**EXERCISE DIRECTIONS**
Whenever a line in the data holds the string "Shark", copy that line.
⁂
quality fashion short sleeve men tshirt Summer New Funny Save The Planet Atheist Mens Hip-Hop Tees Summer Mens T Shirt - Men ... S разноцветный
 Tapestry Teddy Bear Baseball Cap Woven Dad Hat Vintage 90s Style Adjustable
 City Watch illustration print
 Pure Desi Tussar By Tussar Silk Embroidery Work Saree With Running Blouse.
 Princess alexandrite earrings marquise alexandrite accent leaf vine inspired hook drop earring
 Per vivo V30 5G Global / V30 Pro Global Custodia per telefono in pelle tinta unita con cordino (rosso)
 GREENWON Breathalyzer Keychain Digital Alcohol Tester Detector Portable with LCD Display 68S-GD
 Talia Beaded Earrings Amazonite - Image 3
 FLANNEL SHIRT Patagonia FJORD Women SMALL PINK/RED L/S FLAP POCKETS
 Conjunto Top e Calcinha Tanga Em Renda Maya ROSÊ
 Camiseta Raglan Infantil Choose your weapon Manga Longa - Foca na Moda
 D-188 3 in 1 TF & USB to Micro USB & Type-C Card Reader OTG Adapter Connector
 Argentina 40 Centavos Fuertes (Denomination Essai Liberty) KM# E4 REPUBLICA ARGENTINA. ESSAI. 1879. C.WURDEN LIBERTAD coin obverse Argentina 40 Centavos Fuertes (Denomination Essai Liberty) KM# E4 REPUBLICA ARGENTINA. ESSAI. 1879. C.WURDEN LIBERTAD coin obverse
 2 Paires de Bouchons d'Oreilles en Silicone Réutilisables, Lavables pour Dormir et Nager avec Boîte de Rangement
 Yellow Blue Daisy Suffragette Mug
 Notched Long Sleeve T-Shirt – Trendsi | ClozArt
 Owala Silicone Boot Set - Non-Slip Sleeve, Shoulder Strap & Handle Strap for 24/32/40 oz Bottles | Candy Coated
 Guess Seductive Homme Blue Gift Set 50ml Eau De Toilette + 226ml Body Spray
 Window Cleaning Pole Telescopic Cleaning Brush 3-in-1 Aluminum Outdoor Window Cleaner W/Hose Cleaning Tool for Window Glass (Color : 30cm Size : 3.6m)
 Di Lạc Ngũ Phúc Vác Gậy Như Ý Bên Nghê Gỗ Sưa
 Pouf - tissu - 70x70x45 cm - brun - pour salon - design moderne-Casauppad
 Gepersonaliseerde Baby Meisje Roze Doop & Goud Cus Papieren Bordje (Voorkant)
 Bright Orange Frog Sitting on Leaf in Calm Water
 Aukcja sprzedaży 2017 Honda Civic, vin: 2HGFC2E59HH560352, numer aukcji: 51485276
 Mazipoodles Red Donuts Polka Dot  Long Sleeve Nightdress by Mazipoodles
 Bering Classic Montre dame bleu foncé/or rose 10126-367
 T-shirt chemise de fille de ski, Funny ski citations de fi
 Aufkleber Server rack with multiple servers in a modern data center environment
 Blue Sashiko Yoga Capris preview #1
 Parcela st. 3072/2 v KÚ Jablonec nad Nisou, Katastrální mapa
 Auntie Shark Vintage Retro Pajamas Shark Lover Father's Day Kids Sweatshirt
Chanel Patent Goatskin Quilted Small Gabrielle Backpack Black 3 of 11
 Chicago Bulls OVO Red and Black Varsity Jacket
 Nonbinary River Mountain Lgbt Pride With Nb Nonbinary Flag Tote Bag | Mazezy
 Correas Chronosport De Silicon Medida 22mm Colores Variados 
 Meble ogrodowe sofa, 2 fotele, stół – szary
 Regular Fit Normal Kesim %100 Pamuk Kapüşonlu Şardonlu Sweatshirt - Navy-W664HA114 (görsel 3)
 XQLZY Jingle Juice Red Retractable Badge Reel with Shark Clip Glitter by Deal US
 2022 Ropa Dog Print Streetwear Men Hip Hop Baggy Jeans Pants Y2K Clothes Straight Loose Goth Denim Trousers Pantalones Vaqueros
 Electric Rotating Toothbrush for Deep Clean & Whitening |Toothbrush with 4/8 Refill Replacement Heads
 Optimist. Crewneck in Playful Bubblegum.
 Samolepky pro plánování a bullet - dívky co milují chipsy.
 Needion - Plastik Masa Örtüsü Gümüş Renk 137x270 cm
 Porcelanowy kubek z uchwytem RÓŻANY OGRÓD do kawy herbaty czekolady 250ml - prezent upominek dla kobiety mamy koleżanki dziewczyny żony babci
⁂
**YOUR SOLUTION**
 Auntie Shark Vintage Retro Pajamas Shark Lover Father's Day Kids Sweatshirt
 XQLZY Jingle Juice Red Retractable Badge Reel with Shark Clip Glitter by Deal US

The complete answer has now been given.